**MATERIAL FOR THE TASK**:
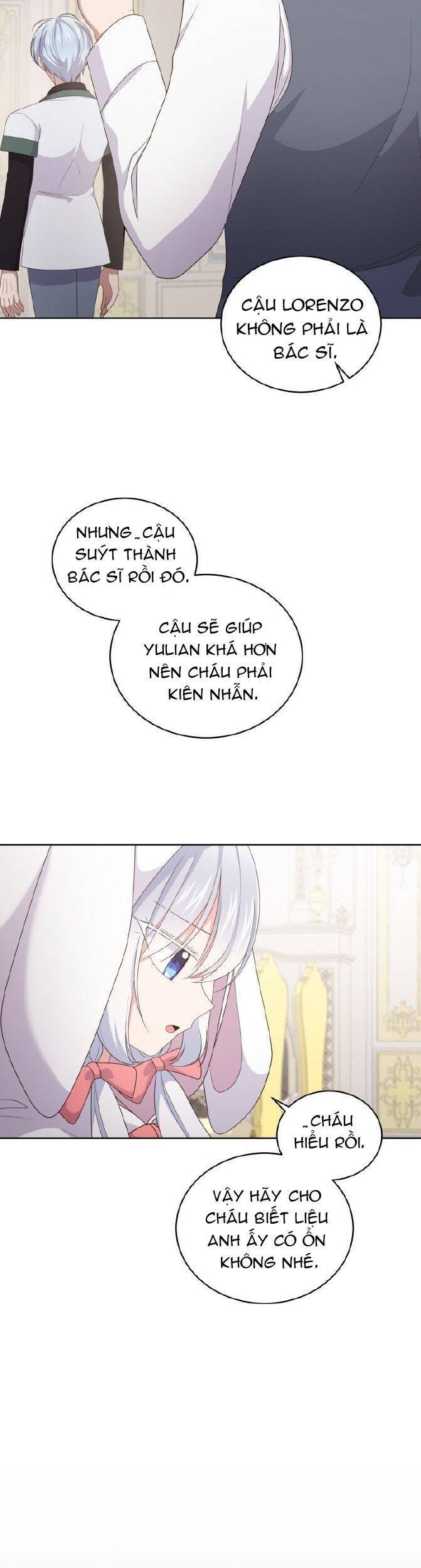 Cô Công Chúa Nhỏ Của Kẻ Phản Diện Chap 21 - Next Chap 22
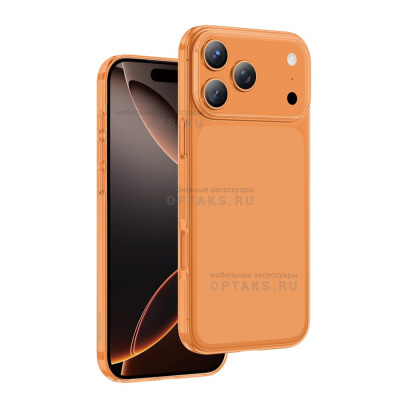 Чехол KEEPHONE X-CRYSTAL ULTRA SLIM CASE для iPhone 17 Pro Max ORANGE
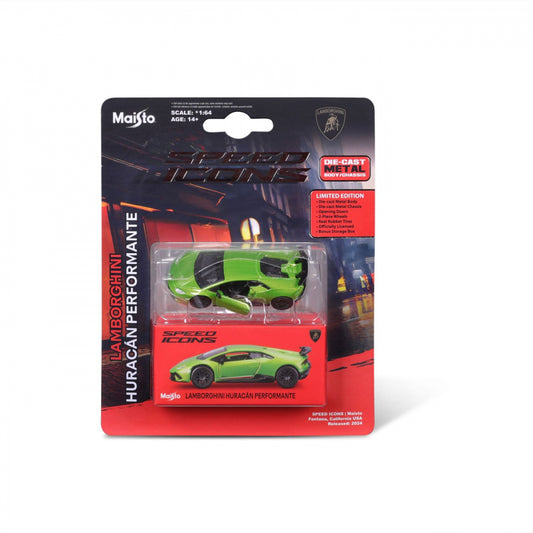 Maisto Speed Icons 1:64 Lamborghini Huracan Performante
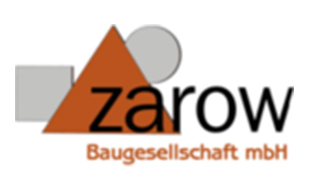 Zarow Baugesellschaft mbH Bauunternehmen in Ferdinandshof bei Torgelow - Logo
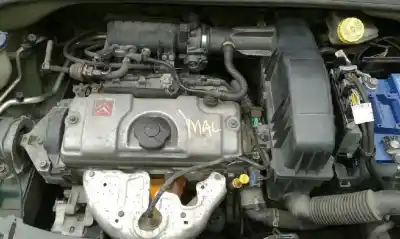 Scrapping Vehicle citroen c3 1.1 collection of the year 2003 powered 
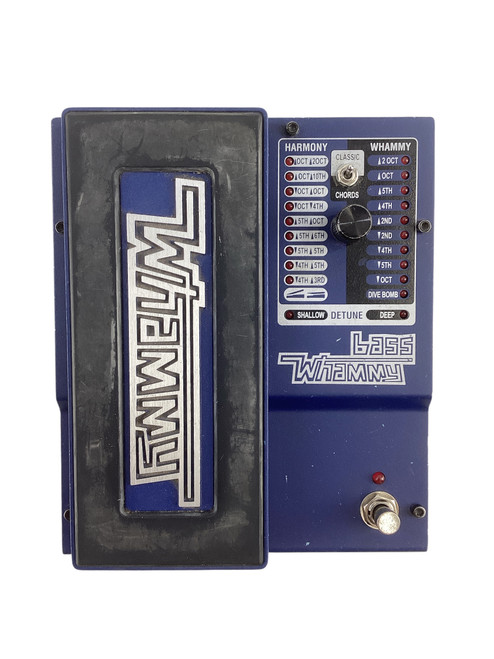Vist Large View of Product Image Which is Used Digitech Bass Whammy Pedal
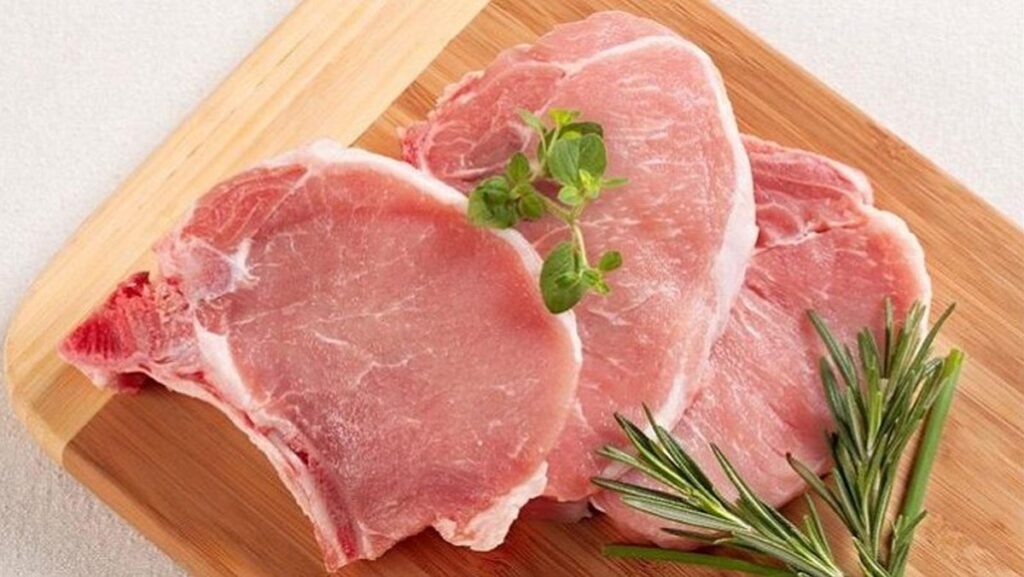 lựa chọn thịt heo đúng cách
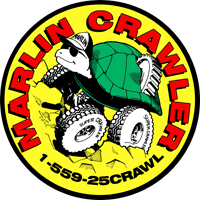 Marlin Crawler Turtle Logo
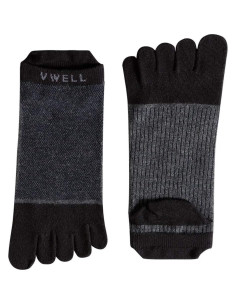 Calcetines de Dedos VWELL Algodón Peinado 4 Pares Talla 7-11 2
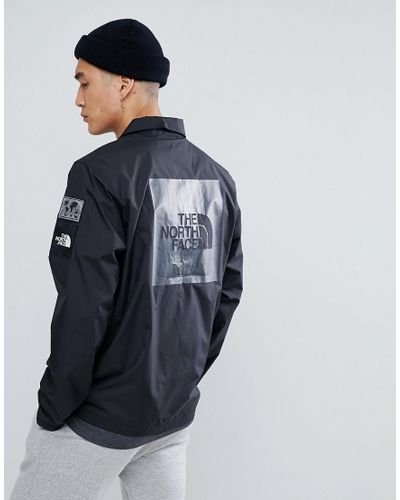The North Face International Limited Capsule Coach Jacket Flag Lining In  Black for Men - Lyst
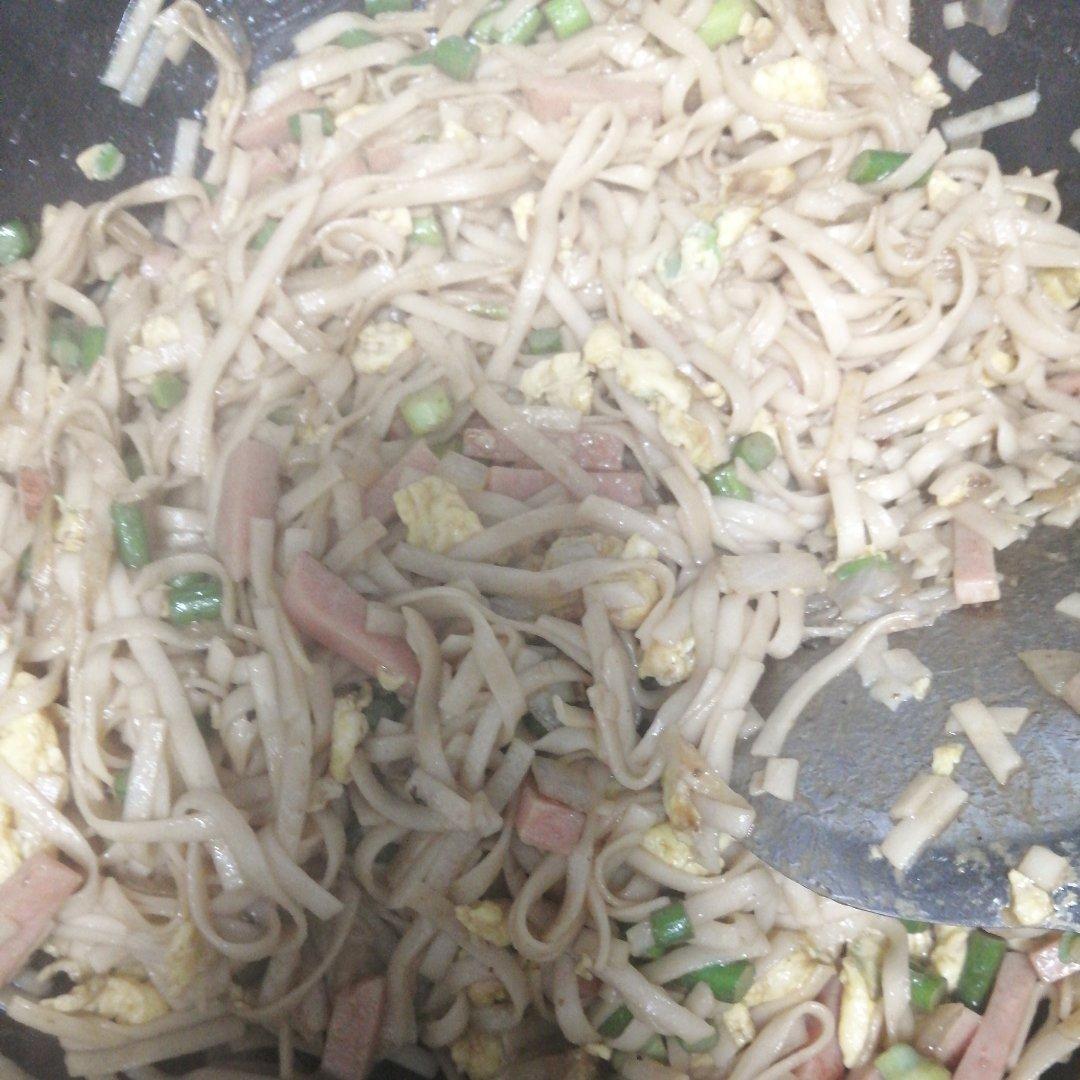 家常炒面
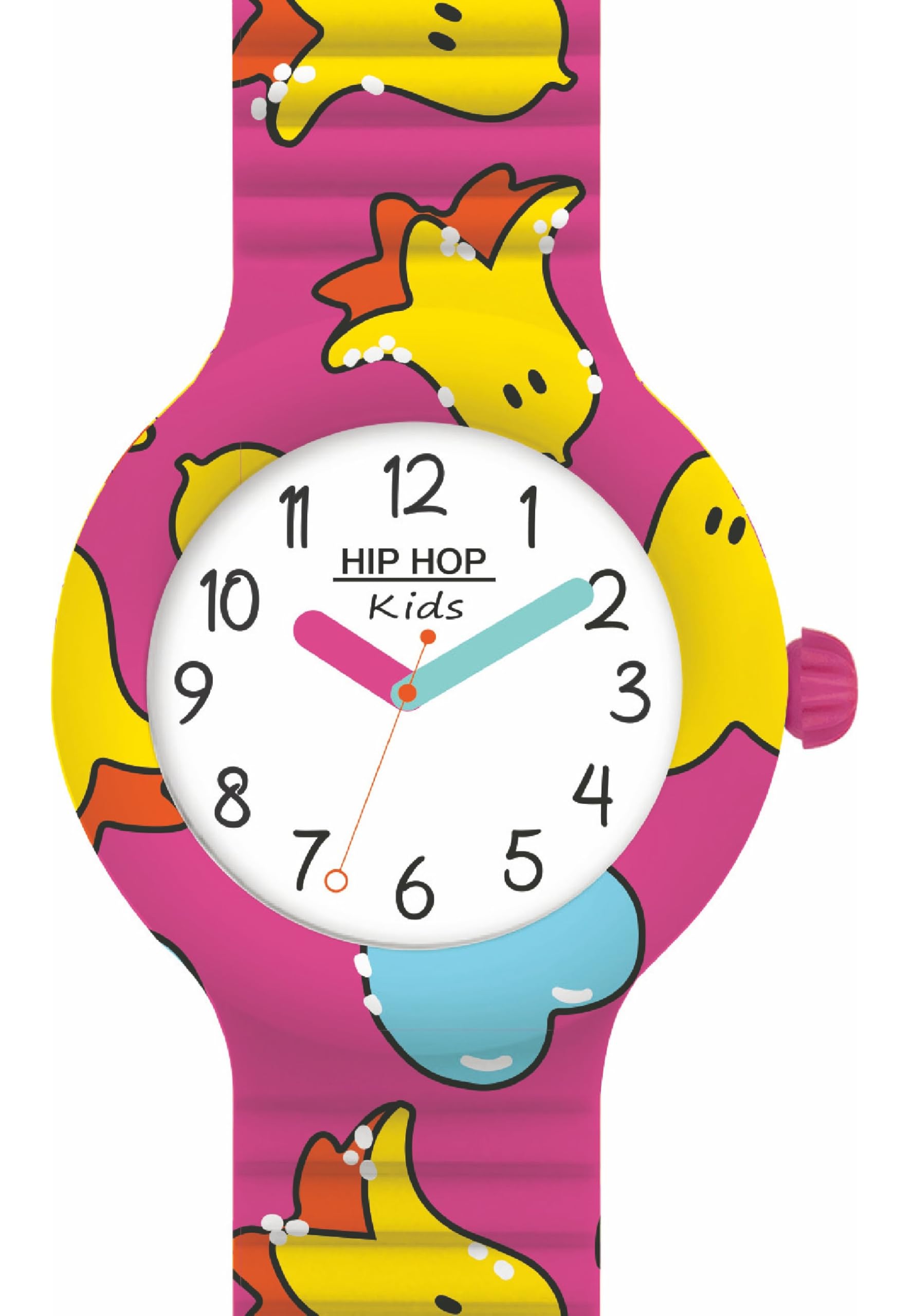 Hip Hop Kids Fun HWU1156 Orologio Bambina 28 mm Tessuto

**YOUR OBJECTIVE**:
Without the pictures, reproduce each line from the one containing "Maisto Speed Icons" through the last line of the material above, both of those lines included.

**RESPONSE BOX**:
 Maisto Speed Icons 1:64 Lamborghini Huracan Performante
 Zarow Baugesellschaft mbH Bauunternehmen in Ferdinandshof bei Torgelow - Logo
 Scrapping Vehicle citroen c3 1.1 collection of the year 2003 powered 
Vist Large View of Product Image Which is Used Digitech Bass Whammy Pedal
 lựa chọn thịt heo đúng cách
 Marlin Crawler Turtle Logo
 Calcetines de Dedos VWELL Algodón Peinado 4 Pares Talla 7-11 2
The North Face International Limited Capsule Coach Jacket Flag Lining In  Black for Men - Lyst
 家常炒面
 Hip Hop Kids Fun HWU1156 Orologio Bambina 28 mm Tessuto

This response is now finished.